#### [EXTRACTED INFORMATION]
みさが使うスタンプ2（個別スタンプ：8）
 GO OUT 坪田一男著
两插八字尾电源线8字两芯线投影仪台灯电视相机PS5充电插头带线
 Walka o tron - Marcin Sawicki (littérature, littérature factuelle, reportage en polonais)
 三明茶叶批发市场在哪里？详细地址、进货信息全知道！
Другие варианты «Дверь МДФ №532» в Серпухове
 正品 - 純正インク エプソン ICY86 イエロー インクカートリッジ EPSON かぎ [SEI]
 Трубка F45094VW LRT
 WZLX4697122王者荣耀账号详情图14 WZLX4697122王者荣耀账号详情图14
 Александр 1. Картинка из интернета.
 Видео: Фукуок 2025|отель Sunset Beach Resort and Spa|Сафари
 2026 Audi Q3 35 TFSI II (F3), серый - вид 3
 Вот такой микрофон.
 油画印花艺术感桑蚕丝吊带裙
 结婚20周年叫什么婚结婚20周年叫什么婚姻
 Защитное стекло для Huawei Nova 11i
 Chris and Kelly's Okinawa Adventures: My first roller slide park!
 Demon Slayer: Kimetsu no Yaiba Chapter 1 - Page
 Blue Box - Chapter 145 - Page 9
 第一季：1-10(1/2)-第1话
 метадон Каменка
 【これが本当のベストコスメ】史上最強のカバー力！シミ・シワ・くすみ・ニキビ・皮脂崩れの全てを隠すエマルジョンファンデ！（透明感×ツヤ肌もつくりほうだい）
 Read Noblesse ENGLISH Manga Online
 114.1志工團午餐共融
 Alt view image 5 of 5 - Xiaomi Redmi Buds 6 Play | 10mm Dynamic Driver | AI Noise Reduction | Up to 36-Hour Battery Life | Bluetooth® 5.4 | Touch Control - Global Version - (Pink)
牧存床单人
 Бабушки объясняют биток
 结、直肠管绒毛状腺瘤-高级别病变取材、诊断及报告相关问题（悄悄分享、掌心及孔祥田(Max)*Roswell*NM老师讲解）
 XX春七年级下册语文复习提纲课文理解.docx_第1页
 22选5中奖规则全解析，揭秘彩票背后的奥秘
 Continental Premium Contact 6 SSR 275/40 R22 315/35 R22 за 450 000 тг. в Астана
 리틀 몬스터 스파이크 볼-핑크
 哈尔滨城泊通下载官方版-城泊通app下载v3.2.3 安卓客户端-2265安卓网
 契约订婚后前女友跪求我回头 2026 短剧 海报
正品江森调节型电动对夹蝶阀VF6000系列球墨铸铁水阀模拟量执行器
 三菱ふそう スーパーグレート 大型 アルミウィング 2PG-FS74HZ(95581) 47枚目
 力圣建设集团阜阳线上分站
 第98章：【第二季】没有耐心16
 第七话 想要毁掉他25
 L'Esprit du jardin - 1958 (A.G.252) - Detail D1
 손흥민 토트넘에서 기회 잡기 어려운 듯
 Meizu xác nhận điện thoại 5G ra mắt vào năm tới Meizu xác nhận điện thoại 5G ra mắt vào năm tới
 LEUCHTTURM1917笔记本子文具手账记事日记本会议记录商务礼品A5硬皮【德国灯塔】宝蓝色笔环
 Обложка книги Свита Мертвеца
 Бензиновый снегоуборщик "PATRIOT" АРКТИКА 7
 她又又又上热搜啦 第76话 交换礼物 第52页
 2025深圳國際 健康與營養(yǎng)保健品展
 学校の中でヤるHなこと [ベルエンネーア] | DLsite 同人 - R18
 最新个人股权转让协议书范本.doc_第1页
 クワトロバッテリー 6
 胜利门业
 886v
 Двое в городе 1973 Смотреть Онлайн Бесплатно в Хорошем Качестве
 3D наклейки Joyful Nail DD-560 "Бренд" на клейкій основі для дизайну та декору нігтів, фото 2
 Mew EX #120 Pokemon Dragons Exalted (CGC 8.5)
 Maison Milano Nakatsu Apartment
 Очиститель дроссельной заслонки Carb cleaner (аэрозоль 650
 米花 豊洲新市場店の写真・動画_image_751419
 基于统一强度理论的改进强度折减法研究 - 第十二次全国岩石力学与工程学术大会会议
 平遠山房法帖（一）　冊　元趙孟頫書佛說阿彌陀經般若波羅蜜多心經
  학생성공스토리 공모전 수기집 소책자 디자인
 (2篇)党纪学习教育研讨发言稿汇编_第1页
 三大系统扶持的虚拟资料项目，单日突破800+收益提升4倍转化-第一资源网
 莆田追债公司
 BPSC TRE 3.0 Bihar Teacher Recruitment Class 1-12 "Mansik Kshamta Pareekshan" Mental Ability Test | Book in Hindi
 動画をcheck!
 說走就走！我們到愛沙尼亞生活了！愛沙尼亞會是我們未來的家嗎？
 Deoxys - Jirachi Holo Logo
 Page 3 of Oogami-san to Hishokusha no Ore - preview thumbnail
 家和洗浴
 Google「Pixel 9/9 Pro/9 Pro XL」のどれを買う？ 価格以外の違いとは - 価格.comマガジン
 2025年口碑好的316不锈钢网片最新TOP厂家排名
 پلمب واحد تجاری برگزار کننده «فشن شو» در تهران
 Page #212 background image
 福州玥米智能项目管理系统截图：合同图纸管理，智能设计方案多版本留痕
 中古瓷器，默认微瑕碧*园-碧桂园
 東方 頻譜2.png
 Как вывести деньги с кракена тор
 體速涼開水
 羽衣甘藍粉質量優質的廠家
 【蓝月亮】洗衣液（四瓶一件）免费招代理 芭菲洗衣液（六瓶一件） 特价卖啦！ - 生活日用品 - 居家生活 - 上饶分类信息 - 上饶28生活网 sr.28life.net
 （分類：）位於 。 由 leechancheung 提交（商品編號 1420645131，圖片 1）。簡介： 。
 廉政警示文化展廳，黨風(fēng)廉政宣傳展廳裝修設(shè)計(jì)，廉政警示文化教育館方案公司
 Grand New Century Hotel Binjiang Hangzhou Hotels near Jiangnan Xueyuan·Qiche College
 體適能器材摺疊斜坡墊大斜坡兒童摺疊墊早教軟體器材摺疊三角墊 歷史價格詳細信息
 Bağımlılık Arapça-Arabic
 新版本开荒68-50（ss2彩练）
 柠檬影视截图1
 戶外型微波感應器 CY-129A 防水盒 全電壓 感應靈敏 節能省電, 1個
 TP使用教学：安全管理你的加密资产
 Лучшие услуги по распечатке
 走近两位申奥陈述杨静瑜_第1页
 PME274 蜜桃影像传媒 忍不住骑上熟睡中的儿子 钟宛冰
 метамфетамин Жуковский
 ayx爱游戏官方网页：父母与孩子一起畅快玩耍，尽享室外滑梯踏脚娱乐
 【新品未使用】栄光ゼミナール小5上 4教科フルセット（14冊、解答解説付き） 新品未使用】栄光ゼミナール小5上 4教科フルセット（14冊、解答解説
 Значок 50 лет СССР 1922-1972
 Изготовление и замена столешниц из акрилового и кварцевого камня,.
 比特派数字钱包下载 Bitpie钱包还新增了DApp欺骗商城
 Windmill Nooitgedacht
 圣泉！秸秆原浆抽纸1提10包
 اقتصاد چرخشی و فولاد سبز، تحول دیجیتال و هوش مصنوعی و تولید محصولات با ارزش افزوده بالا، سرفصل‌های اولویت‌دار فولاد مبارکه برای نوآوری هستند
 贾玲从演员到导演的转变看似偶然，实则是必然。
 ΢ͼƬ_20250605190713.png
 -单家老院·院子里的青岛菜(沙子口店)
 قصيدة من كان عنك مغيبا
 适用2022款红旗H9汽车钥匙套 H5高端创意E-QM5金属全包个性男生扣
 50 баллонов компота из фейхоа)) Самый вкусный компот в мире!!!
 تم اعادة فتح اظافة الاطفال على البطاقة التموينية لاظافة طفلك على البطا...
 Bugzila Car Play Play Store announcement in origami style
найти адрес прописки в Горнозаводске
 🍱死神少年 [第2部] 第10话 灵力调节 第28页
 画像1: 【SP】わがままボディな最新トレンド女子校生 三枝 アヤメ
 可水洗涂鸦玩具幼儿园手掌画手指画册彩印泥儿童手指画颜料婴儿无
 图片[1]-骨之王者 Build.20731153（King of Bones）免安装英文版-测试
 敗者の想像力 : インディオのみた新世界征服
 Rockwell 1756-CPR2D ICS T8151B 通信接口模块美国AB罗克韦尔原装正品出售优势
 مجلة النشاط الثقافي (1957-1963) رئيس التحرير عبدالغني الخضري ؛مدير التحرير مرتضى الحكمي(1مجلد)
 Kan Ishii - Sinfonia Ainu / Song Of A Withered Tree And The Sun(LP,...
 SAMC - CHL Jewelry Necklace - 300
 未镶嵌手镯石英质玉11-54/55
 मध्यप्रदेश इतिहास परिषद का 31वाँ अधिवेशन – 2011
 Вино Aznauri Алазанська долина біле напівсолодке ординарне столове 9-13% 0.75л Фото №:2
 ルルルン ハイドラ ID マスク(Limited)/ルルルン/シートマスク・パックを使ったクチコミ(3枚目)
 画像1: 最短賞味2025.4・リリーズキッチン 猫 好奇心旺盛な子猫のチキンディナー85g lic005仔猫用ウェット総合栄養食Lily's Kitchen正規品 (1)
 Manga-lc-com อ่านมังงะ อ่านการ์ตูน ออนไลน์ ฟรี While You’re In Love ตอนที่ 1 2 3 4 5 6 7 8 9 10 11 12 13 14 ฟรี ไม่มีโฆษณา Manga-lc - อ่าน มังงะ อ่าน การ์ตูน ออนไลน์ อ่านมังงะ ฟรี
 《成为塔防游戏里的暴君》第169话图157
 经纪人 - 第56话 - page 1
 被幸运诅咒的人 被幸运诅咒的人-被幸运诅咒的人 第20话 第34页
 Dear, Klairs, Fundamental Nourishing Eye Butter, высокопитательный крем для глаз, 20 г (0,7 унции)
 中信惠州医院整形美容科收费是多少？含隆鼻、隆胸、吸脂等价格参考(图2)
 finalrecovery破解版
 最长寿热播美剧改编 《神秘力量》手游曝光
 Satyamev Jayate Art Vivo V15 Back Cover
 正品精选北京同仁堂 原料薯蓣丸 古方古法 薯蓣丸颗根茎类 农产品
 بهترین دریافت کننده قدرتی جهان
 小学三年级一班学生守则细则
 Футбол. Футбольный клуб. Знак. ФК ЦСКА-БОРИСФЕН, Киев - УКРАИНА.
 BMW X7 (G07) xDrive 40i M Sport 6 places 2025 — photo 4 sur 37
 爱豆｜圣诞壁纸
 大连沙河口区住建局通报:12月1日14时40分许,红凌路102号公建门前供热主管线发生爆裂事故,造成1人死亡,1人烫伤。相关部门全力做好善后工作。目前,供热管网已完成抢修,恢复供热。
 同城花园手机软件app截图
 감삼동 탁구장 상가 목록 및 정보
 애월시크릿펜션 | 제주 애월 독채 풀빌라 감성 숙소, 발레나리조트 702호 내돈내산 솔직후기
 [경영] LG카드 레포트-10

#### [TASK BRIEF]
Within the records above, count the lines that include the string "کننده"; state the number and nothing else.

#### [SOLUTION TO THIS TASK]
2